- **What to do**
Where the listing below has a line with "Las Leonas frente a Australia. (FIH)", write out exactly that line and every line after it, stopping after the line with "Volvo VNL 12.8L 6 2016".

-------- Provided data --------

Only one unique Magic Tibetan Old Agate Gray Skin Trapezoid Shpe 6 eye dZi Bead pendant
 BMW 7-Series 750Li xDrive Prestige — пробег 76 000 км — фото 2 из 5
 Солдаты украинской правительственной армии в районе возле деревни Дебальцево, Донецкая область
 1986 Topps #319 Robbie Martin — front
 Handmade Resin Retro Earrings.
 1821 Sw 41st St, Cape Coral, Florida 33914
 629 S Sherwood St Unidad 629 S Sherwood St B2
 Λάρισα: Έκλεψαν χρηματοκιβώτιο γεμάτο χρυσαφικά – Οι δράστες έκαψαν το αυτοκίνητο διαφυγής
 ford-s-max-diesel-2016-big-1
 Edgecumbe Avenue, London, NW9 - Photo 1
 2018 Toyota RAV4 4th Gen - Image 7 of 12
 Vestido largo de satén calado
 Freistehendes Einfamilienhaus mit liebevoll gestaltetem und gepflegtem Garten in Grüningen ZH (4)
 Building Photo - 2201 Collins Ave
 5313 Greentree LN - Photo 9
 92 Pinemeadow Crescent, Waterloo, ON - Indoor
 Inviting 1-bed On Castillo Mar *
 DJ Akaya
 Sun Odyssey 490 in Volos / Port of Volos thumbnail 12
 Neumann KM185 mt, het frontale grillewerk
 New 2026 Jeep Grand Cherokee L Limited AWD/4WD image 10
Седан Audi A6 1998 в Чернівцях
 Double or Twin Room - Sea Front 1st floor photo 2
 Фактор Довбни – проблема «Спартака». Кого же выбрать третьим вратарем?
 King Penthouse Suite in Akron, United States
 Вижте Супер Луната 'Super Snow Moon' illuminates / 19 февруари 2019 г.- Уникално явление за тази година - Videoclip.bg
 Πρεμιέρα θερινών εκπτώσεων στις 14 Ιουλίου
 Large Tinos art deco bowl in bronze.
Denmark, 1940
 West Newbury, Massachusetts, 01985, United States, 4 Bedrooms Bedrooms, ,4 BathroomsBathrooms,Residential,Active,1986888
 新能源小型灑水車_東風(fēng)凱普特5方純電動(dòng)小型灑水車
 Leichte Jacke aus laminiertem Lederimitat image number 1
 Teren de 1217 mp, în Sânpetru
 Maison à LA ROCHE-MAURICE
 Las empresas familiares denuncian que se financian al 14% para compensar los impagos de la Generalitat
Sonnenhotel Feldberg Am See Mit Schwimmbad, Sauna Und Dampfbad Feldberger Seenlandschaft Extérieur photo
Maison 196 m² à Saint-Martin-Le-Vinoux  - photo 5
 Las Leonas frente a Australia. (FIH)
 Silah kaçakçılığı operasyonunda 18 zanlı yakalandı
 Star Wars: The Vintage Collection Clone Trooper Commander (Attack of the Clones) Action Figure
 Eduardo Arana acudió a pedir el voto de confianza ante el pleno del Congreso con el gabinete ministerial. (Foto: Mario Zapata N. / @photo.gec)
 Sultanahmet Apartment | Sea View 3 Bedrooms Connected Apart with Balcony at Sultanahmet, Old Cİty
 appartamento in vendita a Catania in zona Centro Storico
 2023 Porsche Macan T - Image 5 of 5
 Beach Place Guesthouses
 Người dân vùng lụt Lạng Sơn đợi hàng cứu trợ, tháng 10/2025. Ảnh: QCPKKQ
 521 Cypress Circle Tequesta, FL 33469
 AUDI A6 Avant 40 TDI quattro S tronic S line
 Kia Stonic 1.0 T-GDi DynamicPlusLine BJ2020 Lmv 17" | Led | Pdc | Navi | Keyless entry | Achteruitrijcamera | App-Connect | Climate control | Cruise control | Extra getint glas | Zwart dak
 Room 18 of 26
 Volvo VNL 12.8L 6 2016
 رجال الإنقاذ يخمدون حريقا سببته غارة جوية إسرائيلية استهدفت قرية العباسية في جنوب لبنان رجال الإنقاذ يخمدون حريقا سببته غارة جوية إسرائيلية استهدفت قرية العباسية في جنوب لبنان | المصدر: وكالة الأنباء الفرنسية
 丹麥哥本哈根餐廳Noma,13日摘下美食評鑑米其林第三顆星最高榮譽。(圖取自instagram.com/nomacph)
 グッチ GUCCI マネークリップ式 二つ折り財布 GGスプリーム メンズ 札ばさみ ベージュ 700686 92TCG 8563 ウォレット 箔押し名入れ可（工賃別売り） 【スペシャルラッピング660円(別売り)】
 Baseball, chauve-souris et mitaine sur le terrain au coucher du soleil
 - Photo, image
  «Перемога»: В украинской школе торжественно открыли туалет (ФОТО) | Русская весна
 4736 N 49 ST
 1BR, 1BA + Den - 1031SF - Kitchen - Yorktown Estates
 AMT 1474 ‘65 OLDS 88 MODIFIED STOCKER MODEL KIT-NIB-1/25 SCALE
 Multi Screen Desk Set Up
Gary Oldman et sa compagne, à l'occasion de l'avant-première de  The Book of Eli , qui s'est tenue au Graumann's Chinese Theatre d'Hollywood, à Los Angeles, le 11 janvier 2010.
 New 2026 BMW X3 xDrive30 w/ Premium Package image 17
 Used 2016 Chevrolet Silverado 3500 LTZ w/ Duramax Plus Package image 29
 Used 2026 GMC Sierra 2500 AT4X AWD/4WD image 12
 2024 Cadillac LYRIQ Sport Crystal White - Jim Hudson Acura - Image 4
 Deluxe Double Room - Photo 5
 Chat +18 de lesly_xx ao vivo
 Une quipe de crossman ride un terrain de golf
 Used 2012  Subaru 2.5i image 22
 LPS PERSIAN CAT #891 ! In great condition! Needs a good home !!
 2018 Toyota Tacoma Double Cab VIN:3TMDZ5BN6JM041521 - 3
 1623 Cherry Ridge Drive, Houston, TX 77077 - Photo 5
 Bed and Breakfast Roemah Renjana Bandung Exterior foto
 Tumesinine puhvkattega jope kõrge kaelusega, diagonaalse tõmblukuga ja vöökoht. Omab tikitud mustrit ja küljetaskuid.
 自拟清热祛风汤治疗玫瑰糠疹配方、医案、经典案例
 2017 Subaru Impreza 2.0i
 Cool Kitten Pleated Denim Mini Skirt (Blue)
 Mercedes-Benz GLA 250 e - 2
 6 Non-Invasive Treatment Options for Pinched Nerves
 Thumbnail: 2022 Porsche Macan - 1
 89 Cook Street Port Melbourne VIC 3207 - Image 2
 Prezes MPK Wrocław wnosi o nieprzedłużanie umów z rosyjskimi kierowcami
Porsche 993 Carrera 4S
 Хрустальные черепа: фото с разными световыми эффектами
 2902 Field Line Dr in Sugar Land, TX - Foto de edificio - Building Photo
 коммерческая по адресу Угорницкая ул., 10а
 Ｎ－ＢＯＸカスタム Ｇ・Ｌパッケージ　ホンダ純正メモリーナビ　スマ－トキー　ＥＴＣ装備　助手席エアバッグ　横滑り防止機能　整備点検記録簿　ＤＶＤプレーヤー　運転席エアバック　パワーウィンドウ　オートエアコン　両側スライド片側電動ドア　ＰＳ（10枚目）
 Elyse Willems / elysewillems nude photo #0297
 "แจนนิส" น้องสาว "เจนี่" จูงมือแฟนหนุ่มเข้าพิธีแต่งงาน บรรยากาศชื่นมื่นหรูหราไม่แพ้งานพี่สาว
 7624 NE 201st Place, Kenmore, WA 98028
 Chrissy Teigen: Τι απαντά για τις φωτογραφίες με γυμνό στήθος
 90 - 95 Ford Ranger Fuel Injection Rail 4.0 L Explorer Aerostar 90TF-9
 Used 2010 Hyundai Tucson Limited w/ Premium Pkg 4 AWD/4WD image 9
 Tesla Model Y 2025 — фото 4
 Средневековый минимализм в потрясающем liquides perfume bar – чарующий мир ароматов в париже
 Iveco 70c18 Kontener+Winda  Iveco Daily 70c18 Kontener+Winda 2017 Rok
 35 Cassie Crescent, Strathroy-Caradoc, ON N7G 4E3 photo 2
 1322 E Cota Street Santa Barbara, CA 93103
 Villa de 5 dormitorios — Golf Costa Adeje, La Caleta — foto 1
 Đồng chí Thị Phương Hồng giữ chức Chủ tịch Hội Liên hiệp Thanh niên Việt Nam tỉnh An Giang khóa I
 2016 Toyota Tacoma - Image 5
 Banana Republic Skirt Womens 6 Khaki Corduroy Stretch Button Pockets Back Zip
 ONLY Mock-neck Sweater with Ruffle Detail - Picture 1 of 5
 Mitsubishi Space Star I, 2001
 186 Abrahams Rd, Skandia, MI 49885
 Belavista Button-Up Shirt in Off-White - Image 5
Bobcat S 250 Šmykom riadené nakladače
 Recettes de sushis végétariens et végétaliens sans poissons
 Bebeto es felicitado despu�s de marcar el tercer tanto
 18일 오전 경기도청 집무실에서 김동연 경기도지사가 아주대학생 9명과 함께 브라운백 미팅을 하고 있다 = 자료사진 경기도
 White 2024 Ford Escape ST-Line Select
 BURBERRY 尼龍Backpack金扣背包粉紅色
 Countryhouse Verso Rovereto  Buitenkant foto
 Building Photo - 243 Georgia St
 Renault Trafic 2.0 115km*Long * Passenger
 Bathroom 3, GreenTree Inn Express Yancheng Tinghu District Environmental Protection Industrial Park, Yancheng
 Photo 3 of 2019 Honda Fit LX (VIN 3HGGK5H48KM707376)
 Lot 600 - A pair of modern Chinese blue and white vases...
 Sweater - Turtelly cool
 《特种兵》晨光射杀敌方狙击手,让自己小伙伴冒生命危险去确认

--------

- **Answer for this exercise**
 Las Leonas frente a Australia. (FIH)
 Silah kaçakçılığı operasyonunda 18 zanlı yakalandı
 Star Wars: The Vintage Collection Clone Trooper Commander (Attack of the Clones) Action Figure
 Eduardo Arana acudió a pedir el voto de confianza ante el pleno del Congreso con el gabinete ministerial. (Foto: Mario Zapata N. / @photo.gec)
 Sultanahmet Apartment | Sea View 3 Bedrooms Connected Apart with Balcony at Sultanahmet, Old Cİty
 appartamento in vendita a Catania in zona Centro Storico
 2023 Porsche Macan T - Image 5 of 5
 Beach Place Guesthouses
 Người dân vùng lụt Lạng Sơn đợi hàng cứu trợ, tháng 10/2025. Ảnh: QCPKKQ
 521 Cypress Circle Tequesta, FL 33469
 AUDI A6 Avant 40 TDI quattro S tronic S line
 Kia Stonic 1.0 T-GDi DynamicPlusLine BJ2020 Lmv 17" | Led | Pdc | Navi | Keyless entry | Achteruitrijcamera | App-Connect | Climate control | Cruise control | Extra getint glas | Zwart dak
 Room 18 of 26
 Volvo VNL 12.8L 6 2016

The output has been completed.